● WORK INSTRUCTION
Each line below from the line with "1008 R Street" to the line with "Man in a electric wheelchair using a ramp Man" must be copied exactly, including those two, and no picture may appear in the copy.

● RECORDS SHOWN
· · · · ·
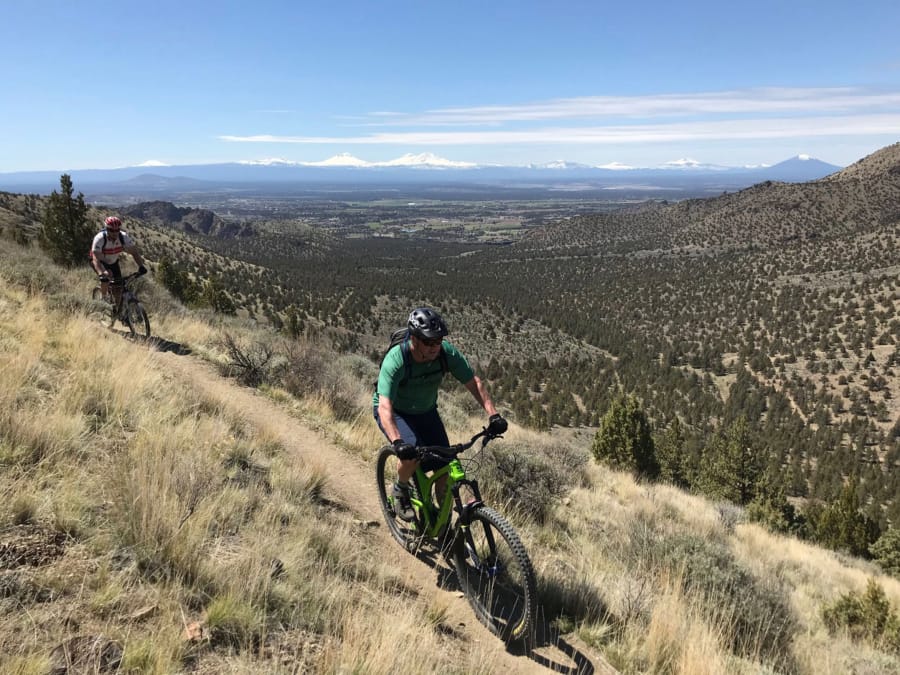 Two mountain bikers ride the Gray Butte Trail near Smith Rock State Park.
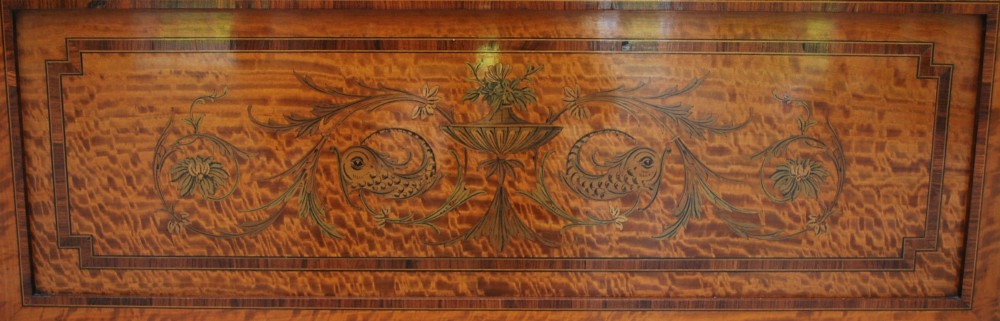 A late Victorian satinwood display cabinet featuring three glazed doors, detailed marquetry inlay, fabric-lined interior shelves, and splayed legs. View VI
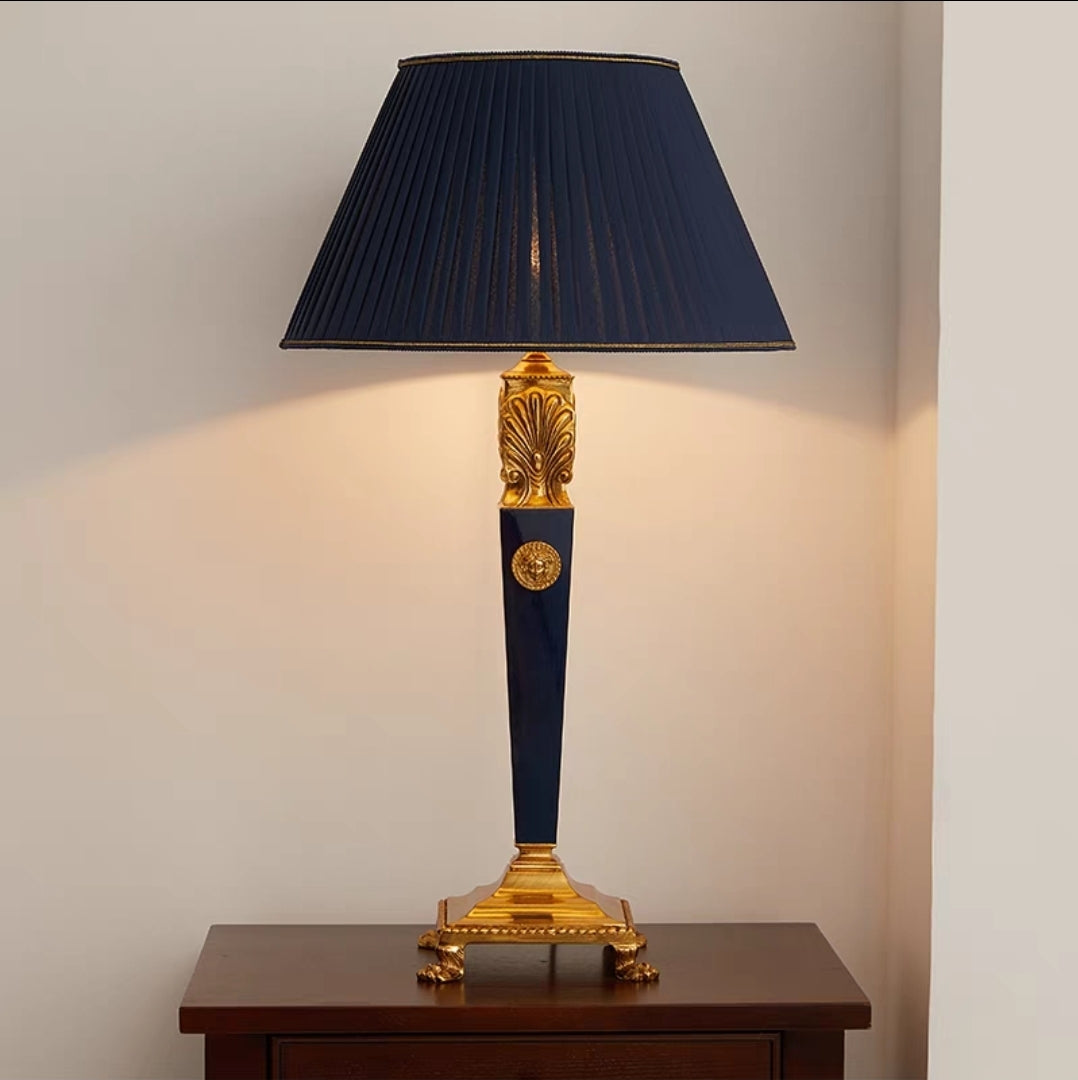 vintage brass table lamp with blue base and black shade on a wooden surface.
· · · · ·
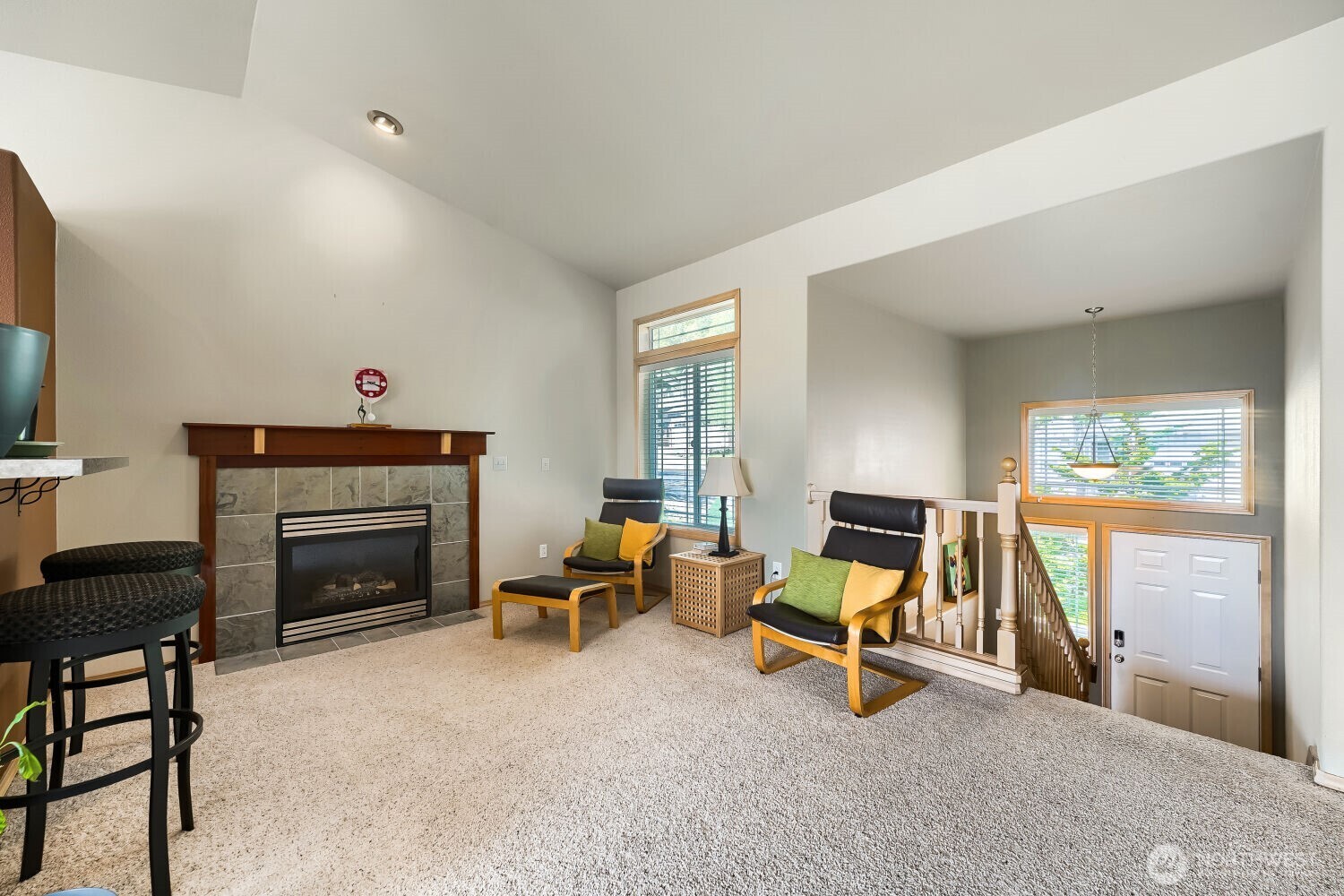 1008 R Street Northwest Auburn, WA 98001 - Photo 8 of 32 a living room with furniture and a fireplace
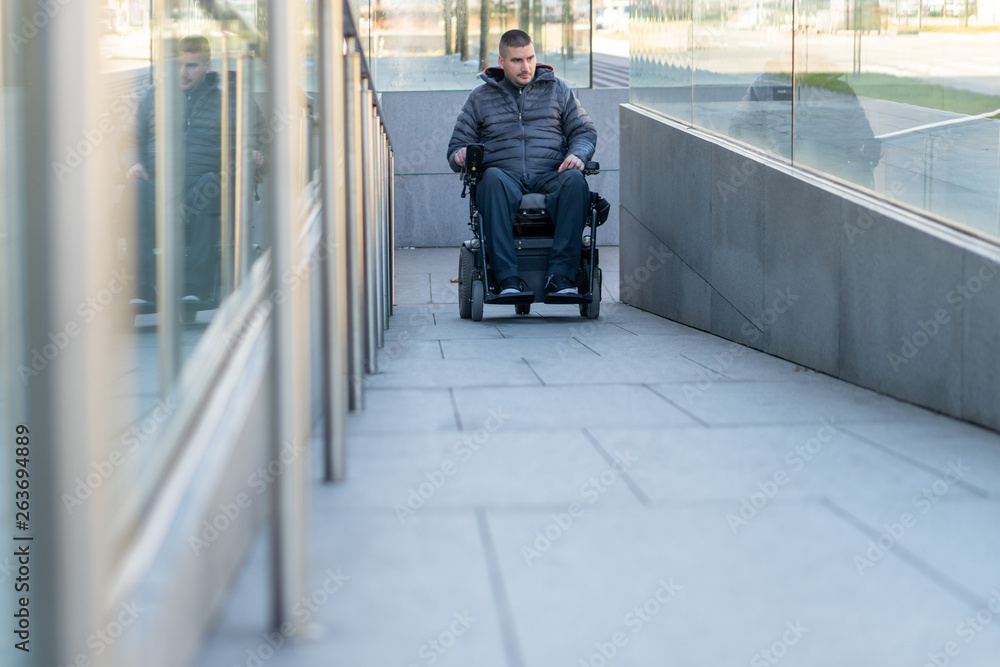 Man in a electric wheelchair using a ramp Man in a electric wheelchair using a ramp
· · · · ·
● ANSWER BOX
 1008 R Street Northwest Auburn, WA 98001 - Photo 8 of 32 a living room with furniture and a fireplace
 Man in a electric wheelchair using a ramp Man in a electric wheelchair using a ramp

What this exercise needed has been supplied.